— Exercise directions —
Copy the listing below line for line, starting at its first line and ending with the line that has "Top Kafa Ayıcık Surat Safkan Yavrular" in it. Add nothing.

— Records to use —
◇ ◇ ◇ ◇ ◇ ◇ ◇
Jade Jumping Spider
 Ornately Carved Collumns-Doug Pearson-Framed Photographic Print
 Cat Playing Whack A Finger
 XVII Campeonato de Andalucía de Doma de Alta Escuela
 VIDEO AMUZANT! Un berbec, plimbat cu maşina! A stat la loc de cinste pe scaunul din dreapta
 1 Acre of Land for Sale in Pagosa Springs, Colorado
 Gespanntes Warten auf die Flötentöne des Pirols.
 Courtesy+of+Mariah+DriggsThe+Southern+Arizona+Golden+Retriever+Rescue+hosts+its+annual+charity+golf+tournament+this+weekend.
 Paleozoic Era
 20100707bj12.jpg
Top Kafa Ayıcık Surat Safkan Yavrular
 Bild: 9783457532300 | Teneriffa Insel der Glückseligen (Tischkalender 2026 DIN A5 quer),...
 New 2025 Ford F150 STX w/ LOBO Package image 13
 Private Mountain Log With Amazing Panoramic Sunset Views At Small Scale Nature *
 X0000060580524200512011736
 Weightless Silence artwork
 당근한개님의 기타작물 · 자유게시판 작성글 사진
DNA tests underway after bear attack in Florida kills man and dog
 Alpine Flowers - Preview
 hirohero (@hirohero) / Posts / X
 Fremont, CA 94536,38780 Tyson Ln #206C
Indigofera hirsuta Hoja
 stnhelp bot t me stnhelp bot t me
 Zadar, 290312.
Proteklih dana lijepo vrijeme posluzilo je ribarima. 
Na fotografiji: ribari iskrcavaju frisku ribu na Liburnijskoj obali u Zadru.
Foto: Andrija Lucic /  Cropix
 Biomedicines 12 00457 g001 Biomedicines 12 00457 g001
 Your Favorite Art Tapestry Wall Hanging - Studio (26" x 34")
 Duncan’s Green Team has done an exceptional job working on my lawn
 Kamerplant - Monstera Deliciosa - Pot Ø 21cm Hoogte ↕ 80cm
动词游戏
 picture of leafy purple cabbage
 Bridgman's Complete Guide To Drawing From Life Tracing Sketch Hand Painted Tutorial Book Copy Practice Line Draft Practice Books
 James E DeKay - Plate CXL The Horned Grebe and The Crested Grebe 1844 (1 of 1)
◇ ◇ ◇ ◇ ◇ ◇ ◇
— Written answer —
Jade Jumping Spider
 Ornately Carved Collumns-Doug Pearson-Framed Photographic Print
 Cat Playing Whack A Finger
 XVII Campeonato de Andalucía de Doma de Alta Escuela
 VIDEO AMUZANT! Un berbec, plimbat cu maşina! A stat la loc de cinste pe scaunul din dreapta
 1 Acre of Land for Sale in Pagosa Springs, Colorado
 Gespanntes Warten auf die Flötentöne des Pirols.
 Courtesy+of+Mariah+DriggsThe+Southern+Arizona+Golden+Retriever+Rescue+hosts+its+annual+charity+golf+tournament+this+weekend.
 Paleozoic Era
 20100707bj12.jpg
Top Kafa Ayıcık Surat Safkan Yavrular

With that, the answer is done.